Sesuatu ajaran hanya bisa hidup bertahan
ditengah-tengah masyarakat manakala masyarakat itu sendiri memiliki kebebasan
untuk melakukan interpretasi ajaran tersebut sesuai dengan kultur masyarakat
setempat. Dengan proses adaptasi dan akomodasi dan sekaligus seleksi terhadap
budaya lokal tersebut menjadikan islam dipahami masyarakat sebagai hal yang genuine
bukan sebagai pendatang. Pola integrasi inilah yang mengantarkan islam melalui
tiga proses perkembangan yaitu Islam
datang, Islam berkembang dan Islam menjadi kekuatan politik.
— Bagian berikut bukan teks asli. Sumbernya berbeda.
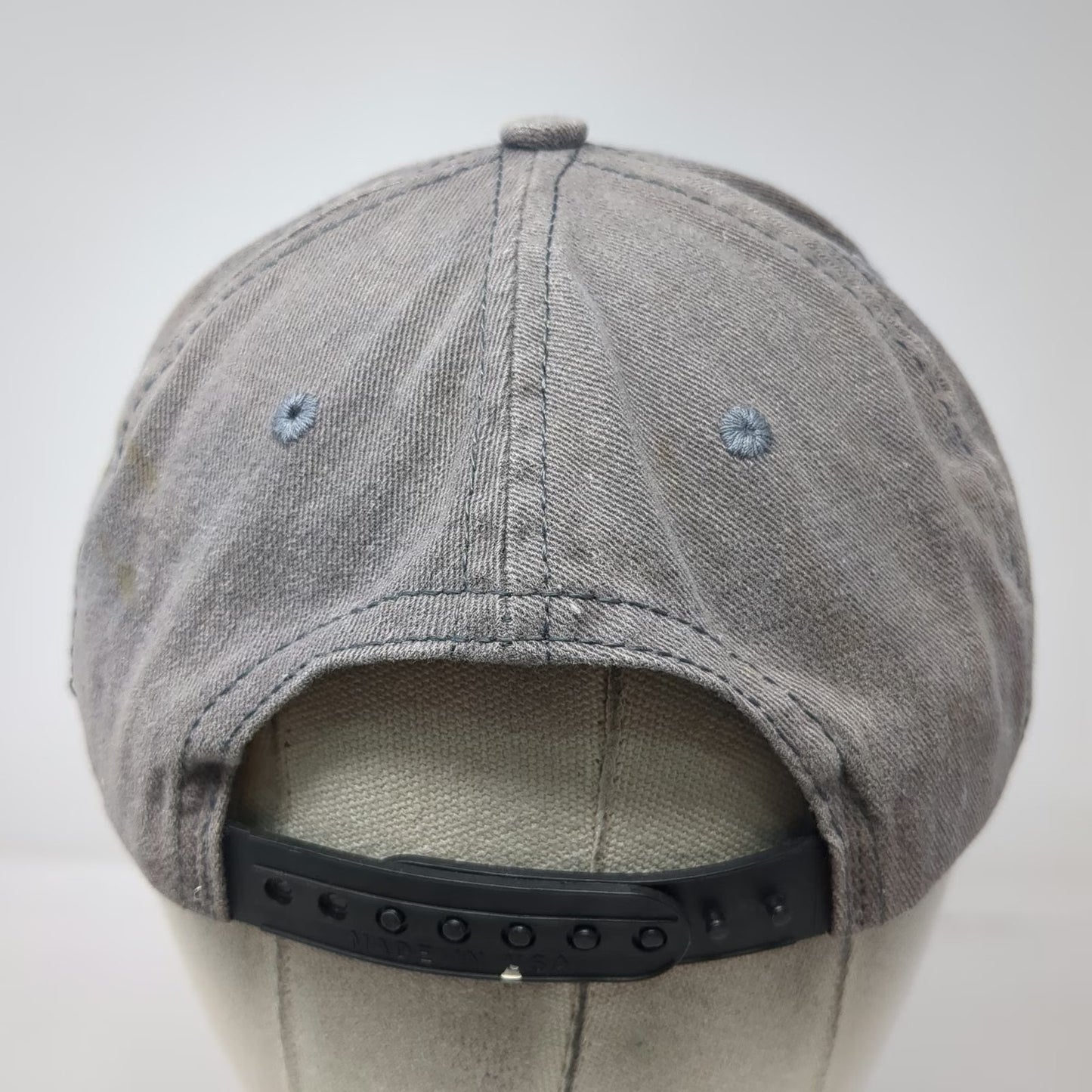 Calvin Klein Snapback Hat Gray One Size cK Logo Embroidered Washed Cotton Denim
Kehadiran islam di nusantara telah mengalami
proses adaptasi secara kultural dengan budaya setempat sehingga demikian banyak
kosa kata arab sebagai bahasa resmi Islam ke dalam khasanah Indonesia termasuk dalam
term-term politik. Kata-kata yang menyebut nama-nama hari di Indonesia sepenuhnya
diadopsi dari Islam sejak dari ahad, senin dan seterusnya sekalipun kemudian
oleh karena interaksi dengan dunia barat kata ahad belakangan lebih populer penyebutanya
dengan minggu (dominggos) yaitu
sebagai hari Tuhan. Hal ini menunjukkan bahwa kedatangan islam di Indonesia membawa
kedamaian dan terjadinya proses imansipasi dari penduduk negeri ini sehingga
mereka menjadi bagian dari masyarakat kosmopolit yang terwujud melalui ibadah
sholat dan haji.
Lalu kemudian Islam berhadapan dengan
penganut agama-agama lain di Indonesia berjalan secara damai dan alamiah. Hal ini
disebabkan karena kehadiran islam tidak merubah struktur sosial yang sudah ada
bahkan mengadopsi sistim sosial itu guna kepentingan internalisasi islam
seperti pemanfaatan sebagai primus
interpares sehingga mubaligh yang datang ke Indonesia waktu itu juga harus
melengkapi dirinya dengan wibawa kepemimpinan di atas yaitu wibawa spiritual
dan temporal.
Kebebasan yang diberikan islam terhadap
ummat manusia untuk menganutnya tidak serta merta memberikan kebebasan kepada
mereka untuk merekayasa ajaran islam melalui selera mereka. Inilah kritik yang
dilancarkan oleh ulama-ulama di Indonesia terhadap kehadiran ahmadiyah terutama
ahmadiyah qadiyani. Sepanjang aliran ini hanya bersinggungan dengan
perkembangan pemikiran yang tidak berkenan dengan bangunan dasar islam yaitu
aqidah, maka dapat dipastikan bahwa ummat islam Indonesia akan memberikan
toleransi terhadapnya. Akan tetapi karena menyinggung aspek bangunan dasar,
maka tidak dapat dielakan munculnya reaksi terhadapnya sejak awal abad 20 yang
lalu dan terus berlanjut sampai sekarang. Hal itu menunjukkan bahwa pada setiap
kebebasan selalu ada rambu-rambu yurisdikasi yang membatasinya guna menjaga
keaslian dan kesinambungan ajaran islam bagi generasi kemudian.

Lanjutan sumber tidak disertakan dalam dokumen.